Imagine your child has a back handspring and has been doing them for months now, but all of a sudden one day they are incapable of doing it without assistance. They are unsure of what is going on, but you can see that this is frustrating them. Quite frankly, it’s frustrating you as a parent too. In fact, you’ve seen this skills so many times in your backyard and living room, that you know your child is pulling one over on you. So you tell her to, “Do it!”
Your child gets upset. She says she physically can’t do a back handspring. After practice you try to ask what happened and they are unable to give you a reason other than, “I just can’t,” or “My body wouldn’t let me.” This makes no sense. Within minutes, you find yourself arguing with your child about what is wrong only further upsetting you and your child. This whole process is not only frustrating for you as the parent, the coach, but also the athlete.
What a Mental Block is….And What it is Not.
A mental block is not an athletes’ stubbornness to not perform a skill, but rather they have a chemical imbalance within their brain. This is a classic case of “fight” or “flight”. In the child’s brain, they are “fleeing” from a dangerous action as if they’ve never done a back handspring before. Knowledge and memory tells us we have. Intuition tells us this is a dangerous skill that our body shouldn’t attempt. A series of events have led up to this moment and have programmed the brain to respond to this skill in a manor of fear.
Fight, Flight or Freeze
Fear releases a chemical in the brain that tells our body is in danger. This is a natural response to situations where our brain sees something detrimental to the health of the athlete; causing the athlete to fight, flight or freeze. Most athletes will freeze and not perform the skill. Like in a situation with post traumatic stress, the athlete draws a blank. She cannot force her body to do the skill.
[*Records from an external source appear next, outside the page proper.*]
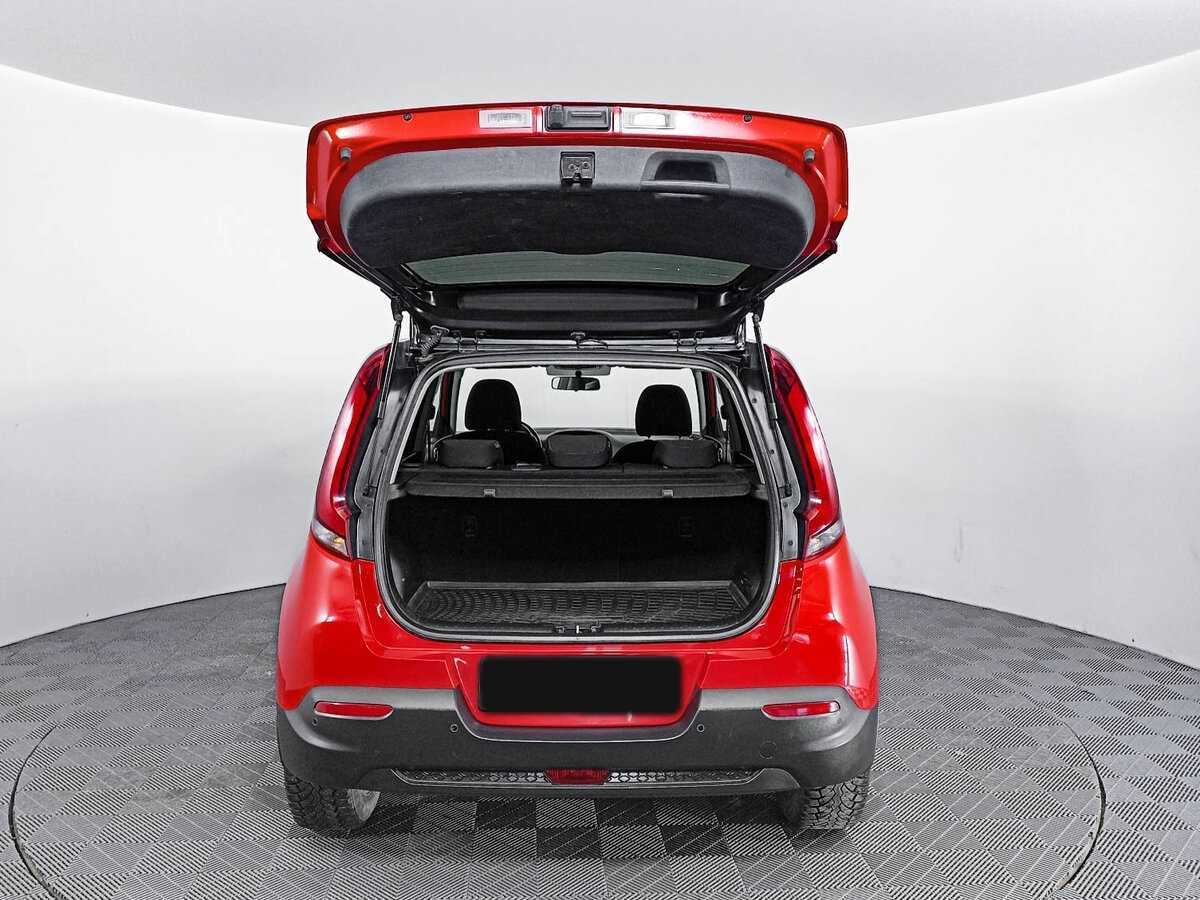 Купить Киа Соул, 2021, 99 170 км.. Фото: #9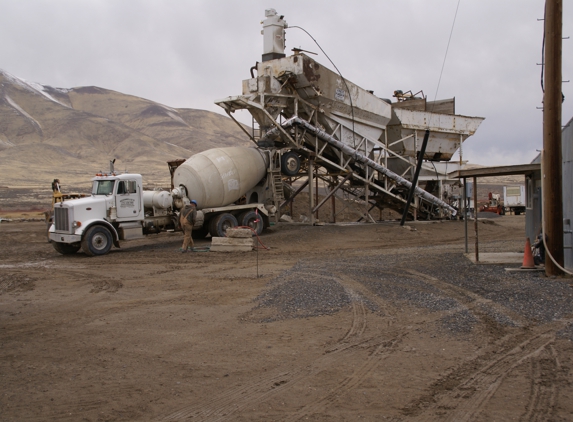 Azzarello's Ready Mix Concrete - Winnemucca, NV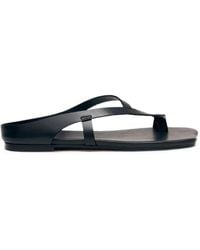 Alohas - Dawn Toe-Strap Flat Sandals - Lyst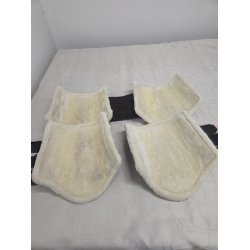 B-Vertigo Dressur Gamacher 4 stk. Str. L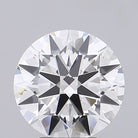 3.41ct Round F VS1 Lab Grown Diamond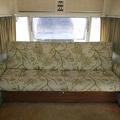 1977 Airstream Overlander Sofa 3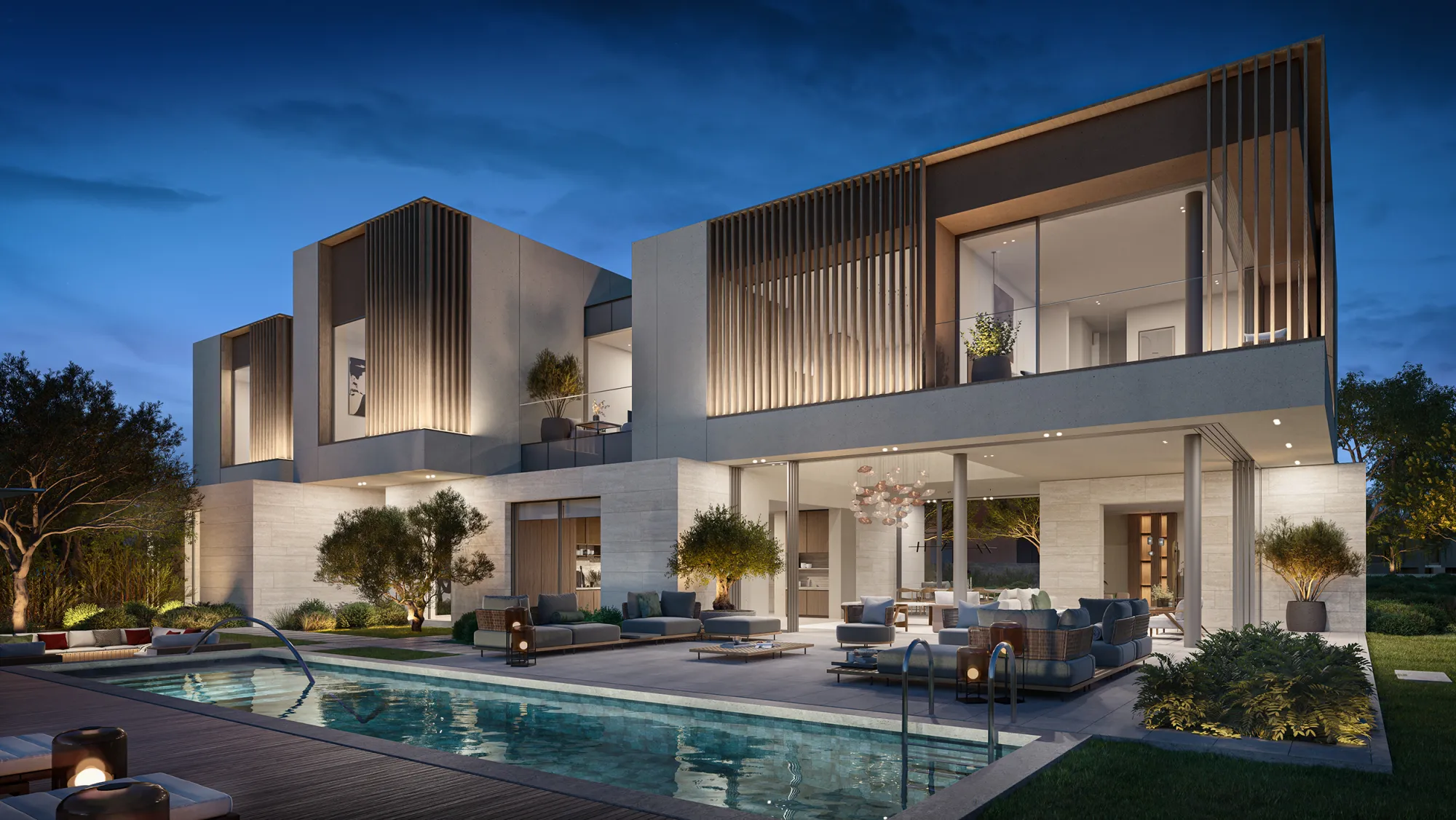 The Acres Estates
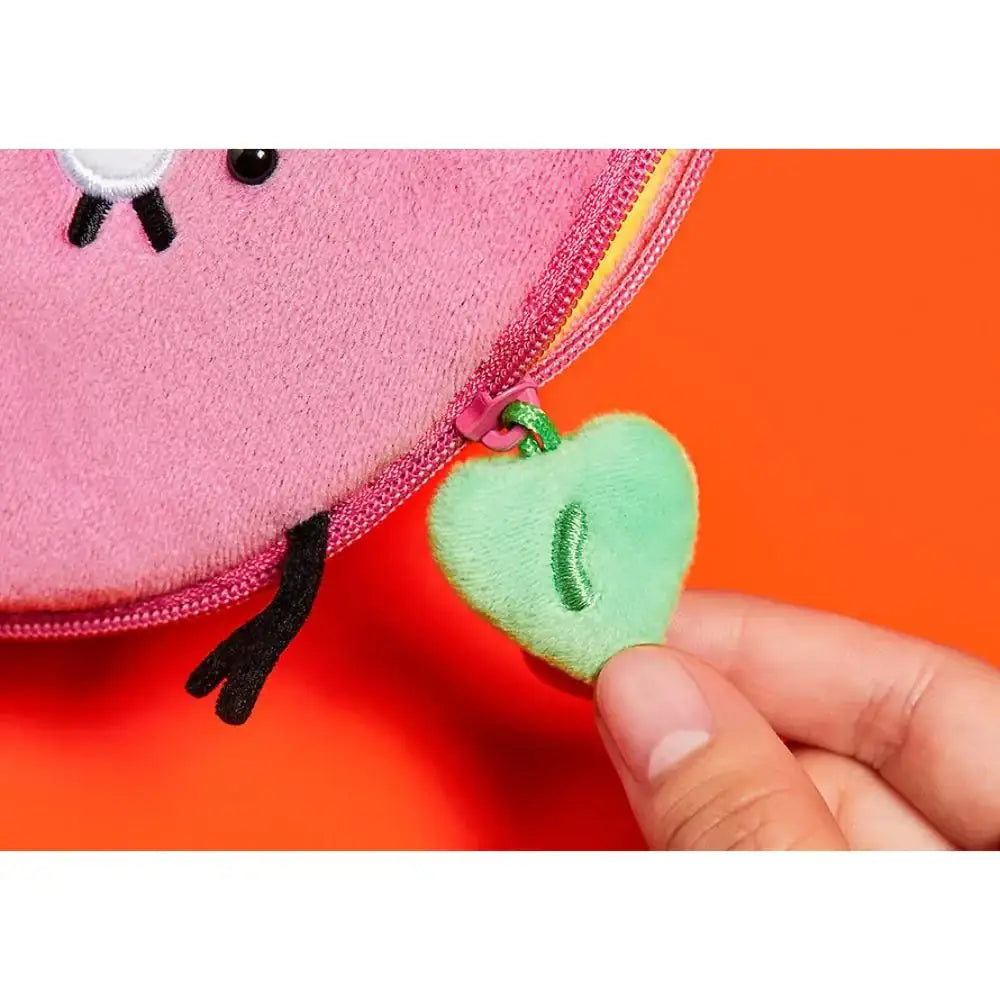 Kakao Friends - Choonsik Bus Chun-gu-ma Pouch - Kakao Friends - Pouch - Harumio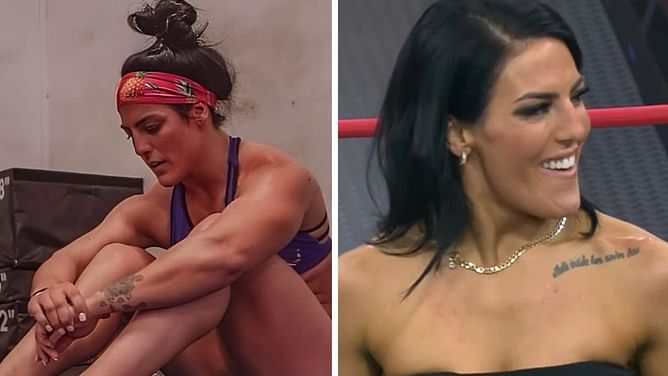 Tessa Blanchard receives support from massive WWE name; he asks fans to stop trying to "cancel her"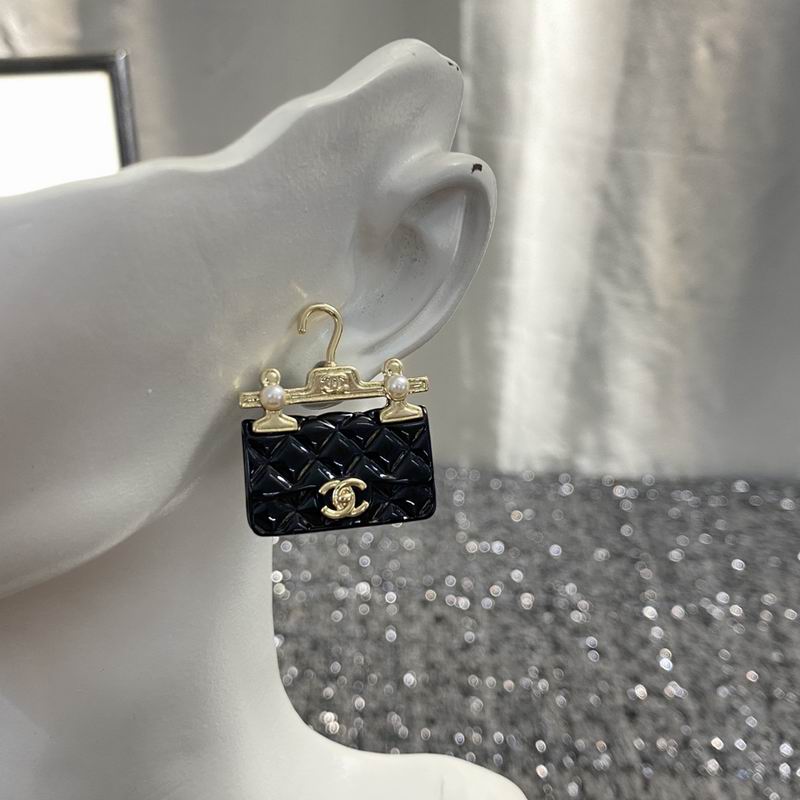 Chanel Earring 07yxq08 (1)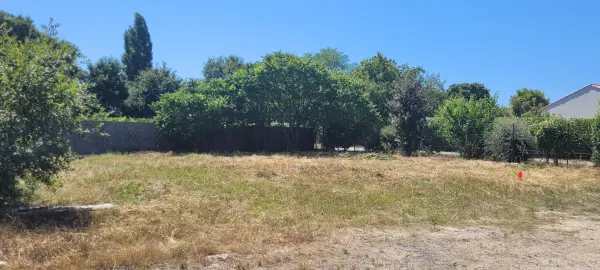 Chaumes-en-Retz 44320 – Vente terrain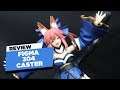 Figma 304 Reissue Caster Figure Unboxing Review | Airlim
Others can experience flight where they will avoid the skill all together, and finally fight, where the athlete will lash out at their coach or parents because they do not want to perform the skill. While this chemical imbalance is emotionally challenging, it can repair back to normal.
How do you get a Mental Block?
Mental blocks most often occur when an athlete is recovering from an injury or had a scary fall (even if they did not get injured). An athlete’s brain will remember the injury and prevent them from performing their skills again because they don’t want to get hurt again. The injury could have happened recently, or more often than not, the injury or “scare” happened weeks or months ago. These same athletes develop mental blocks because they expect to pick up right where they left off and that is not always possible.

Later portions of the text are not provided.